But, to get back to the Whales, they had no idea why the universe had suddenly merged into one, or why they couldn't remember the lyrics of their songs anymore. Their passionate, and yet moody epic about the endless cycle of the tides and the impossibility of swimming against them, had somehow changed into a three minute chant about playing for England in the World Cup, and beating up as many foreigners as possible, especially if they won the match, which they probably would.
Furthermore, their tragically moving portrayal of the last ten hours of a beached whale had inexplicably transmogrified into a crude two minute ditty about the sexual misadventures of a girl who set to sea in a punt, and had all kinds of problems with a certain part of her anatomy which shall remain nameless, except to say that it rhymed with punt. At one point they were so out of it that they decided to sing a medley of Britney Spears, Klyie Minogue and Morrissey:
"Oops, I did it again
And heaven knows I'm miserable now
I should be so lucky
Lucky lucky lucky
If a double-decker bus
Crashes into us
To die by your side
Is such a heavenly way to die
I'm not that innocent
Oh baby baby baby
You're drivin me crazy so
In a river the colour of lead
Immerse the baby's head..."
This was the final straw for the audience.

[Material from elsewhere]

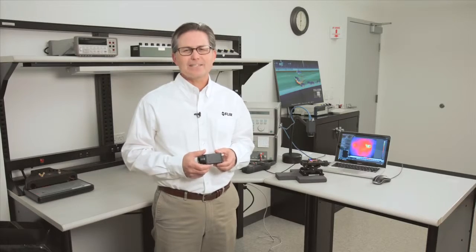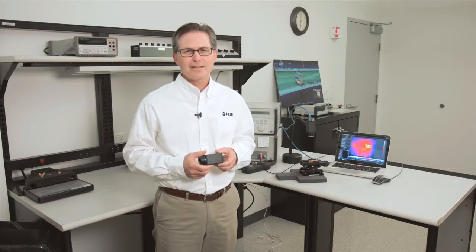The new A65SC and A35SC benchtop test kits are perfect systems for benchtop thermal analysis applications, including electronics, semiconductor, life sciences, automotive, education, aerospace, and more. To learn more about either of these benchtop test kits, please contact your local FLIR representative. Thanks.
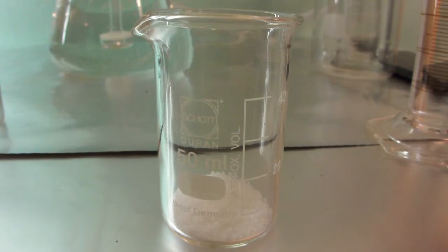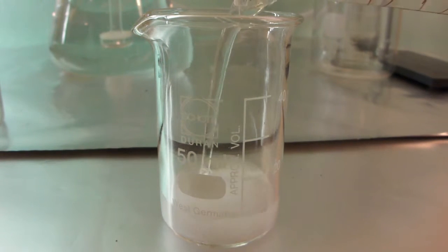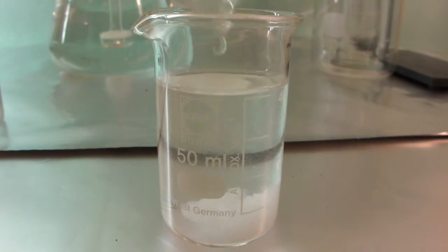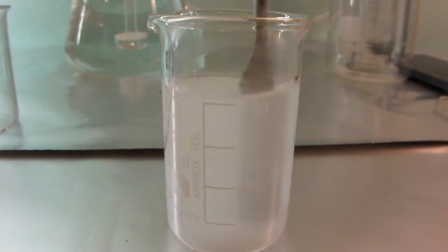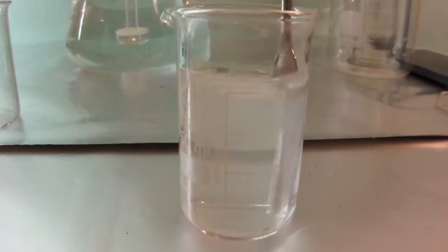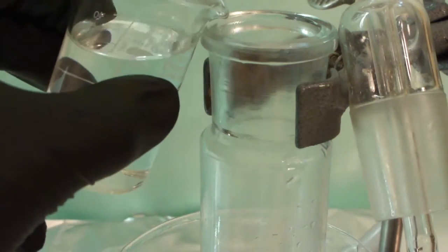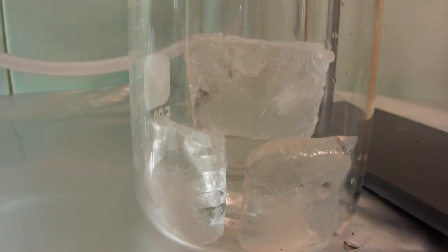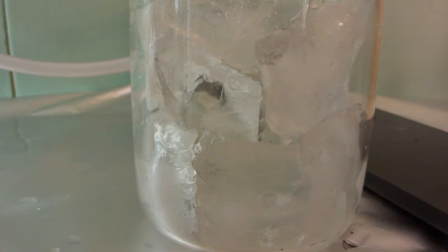Start by dissolving 4 grams of sodium hydroxide in 40 milliliters of water. Stir well and wait until the solution has cooled down. Now add the solution of sodium hydroxide in water into the small 100-milliliter gas washing bottle. Then add some ice cubes to the beaker surrounding the gas washing bottle, along with some water.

There really was nothing more repulsive than listening to land-based creatures under the water. It went beyond bad taste. At first the crowd were shocked, but when they had recovered their senses, they were outraged. They had heard rumours about the Whales new found fame going to their heads, and about them keeping bad company, but they had imagined this were just the usual pranks of rock star types anxious to increase their record sales. They had never imagined that the Whales would be as punk as this.
In fact, it went beyond punk. Even The Sex Pumas, whose stage routine often involved eating members of the audience, wouldn't hand up this load of garbage and call it music. Most viewers had already switched off, and many members of the audience were busy checking the small print of their tickets to see if they had the right to a refund, and to the acute embarrassment of the lawyers who had drawn up the clauses in the sonic tickets, they found that they did. There was a rush for the exit, and the only creatures who didn't leave were the stoned hippies, not because they were enjoying the performance, but because they were too stoned to find the exit and anyway, they had nowhere to go. The Whales were too wrapped up in the amazing wholeness of being to notice that almost everybody had left.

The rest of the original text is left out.